Exercise requirements
Using the records that appear below, write out exactly the lines from the one with "Parasuco Ergonomic Jeans" through the one with "2 Pack Glass", keeping both end lines.

Given entries
========================================================================
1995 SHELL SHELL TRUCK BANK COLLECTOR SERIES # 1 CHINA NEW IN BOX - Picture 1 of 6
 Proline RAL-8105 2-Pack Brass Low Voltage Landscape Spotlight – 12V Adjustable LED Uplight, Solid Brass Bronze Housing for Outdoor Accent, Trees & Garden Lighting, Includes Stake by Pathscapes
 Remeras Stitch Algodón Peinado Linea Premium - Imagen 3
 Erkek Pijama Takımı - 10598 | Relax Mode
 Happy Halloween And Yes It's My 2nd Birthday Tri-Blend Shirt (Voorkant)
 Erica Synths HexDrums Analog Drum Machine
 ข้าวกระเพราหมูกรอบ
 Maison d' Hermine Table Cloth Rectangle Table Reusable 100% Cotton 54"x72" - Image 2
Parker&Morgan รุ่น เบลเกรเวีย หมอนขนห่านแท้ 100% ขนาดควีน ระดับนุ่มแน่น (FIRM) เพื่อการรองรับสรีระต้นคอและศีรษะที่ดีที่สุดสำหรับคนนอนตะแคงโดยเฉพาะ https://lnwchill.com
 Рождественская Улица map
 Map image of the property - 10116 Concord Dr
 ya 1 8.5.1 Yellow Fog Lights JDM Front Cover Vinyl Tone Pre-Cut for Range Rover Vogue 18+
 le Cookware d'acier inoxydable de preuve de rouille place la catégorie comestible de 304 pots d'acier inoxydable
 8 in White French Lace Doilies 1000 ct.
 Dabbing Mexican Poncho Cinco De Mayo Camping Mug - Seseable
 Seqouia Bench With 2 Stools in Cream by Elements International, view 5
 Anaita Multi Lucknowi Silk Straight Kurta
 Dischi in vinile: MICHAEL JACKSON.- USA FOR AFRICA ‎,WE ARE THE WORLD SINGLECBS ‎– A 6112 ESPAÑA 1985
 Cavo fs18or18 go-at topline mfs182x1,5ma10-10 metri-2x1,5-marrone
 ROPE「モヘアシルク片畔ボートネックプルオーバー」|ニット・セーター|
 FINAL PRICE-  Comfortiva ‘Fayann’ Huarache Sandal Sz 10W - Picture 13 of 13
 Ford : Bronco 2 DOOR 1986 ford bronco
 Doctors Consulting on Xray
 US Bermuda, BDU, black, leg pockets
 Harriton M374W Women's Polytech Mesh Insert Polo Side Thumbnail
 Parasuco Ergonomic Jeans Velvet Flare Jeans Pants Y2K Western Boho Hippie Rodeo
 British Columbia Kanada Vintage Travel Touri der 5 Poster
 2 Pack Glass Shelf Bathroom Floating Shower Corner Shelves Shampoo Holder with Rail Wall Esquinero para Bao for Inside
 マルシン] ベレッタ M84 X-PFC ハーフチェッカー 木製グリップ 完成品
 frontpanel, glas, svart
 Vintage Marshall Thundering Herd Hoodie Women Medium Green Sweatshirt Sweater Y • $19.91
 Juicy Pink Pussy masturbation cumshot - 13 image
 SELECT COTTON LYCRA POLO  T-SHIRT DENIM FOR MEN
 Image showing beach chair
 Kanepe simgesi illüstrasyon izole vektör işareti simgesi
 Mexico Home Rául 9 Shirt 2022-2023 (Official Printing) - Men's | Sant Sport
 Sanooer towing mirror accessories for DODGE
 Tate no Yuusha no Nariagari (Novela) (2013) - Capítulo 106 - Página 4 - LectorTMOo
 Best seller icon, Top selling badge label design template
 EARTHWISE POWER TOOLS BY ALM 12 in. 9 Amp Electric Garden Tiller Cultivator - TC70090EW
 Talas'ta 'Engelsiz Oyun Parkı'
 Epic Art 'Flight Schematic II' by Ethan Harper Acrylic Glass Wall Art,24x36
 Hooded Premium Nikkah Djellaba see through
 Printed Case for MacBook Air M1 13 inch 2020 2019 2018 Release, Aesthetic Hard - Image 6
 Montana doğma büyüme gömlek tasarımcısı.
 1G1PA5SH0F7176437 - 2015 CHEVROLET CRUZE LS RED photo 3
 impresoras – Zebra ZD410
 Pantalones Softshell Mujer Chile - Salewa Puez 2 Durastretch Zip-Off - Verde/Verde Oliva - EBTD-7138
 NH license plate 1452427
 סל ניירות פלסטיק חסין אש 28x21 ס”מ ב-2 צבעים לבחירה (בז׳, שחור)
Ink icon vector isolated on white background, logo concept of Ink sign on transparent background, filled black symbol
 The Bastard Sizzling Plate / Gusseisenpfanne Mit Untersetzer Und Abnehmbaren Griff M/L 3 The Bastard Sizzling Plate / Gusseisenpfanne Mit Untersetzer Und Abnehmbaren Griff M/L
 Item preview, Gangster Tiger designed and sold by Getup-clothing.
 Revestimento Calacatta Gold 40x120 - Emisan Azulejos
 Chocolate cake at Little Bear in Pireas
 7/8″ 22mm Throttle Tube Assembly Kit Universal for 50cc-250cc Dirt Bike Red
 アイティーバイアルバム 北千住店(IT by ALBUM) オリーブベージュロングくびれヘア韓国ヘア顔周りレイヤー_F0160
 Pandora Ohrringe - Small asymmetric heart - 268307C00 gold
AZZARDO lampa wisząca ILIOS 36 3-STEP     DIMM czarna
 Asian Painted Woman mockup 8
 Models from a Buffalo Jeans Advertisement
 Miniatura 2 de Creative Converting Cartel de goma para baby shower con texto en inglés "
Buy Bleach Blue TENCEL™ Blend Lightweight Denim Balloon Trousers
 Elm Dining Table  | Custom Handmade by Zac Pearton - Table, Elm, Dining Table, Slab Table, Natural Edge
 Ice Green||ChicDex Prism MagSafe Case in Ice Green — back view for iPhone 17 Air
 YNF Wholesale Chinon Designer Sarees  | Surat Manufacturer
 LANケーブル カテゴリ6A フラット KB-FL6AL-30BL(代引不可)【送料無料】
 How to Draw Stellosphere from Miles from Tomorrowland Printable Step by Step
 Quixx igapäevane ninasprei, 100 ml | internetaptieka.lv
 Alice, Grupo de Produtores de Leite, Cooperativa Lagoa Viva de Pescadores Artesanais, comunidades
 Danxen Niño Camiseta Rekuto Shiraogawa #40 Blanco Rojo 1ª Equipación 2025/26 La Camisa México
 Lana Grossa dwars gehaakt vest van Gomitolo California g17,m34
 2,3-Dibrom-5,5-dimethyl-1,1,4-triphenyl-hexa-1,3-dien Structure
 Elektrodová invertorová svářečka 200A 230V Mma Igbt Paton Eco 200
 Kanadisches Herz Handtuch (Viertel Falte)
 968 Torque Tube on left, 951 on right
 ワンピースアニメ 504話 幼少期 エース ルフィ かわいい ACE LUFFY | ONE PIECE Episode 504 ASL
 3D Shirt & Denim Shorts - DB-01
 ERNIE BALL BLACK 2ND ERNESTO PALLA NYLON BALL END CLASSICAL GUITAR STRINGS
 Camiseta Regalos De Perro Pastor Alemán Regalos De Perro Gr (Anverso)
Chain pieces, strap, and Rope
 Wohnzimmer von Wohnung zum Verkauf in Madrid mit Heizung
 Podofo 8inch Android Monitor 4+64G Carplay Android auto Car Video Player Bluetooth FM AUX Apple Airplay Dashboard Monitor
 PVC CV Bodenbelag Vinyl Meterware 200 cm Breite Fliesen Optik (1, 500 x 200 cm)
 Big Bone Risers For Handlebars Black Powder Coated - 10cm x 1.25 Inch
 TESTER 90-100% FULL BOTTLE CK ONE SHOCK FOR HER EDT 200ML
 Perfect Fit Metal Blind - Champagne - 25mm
========================================================================
Exercise solution
 Parasuco Ergonomic Jeans Velvet Flare Jeans Pants Y2K Western Boho Hippie Rodeo
 British Columbia Kanada Vintage Travel Touri der 5 Poster
 2 Pack Glass Shelf Bathroom Floating Shower Corner Shelves Shampoo Holder with Rail Wall Esquinero para Bao for Inside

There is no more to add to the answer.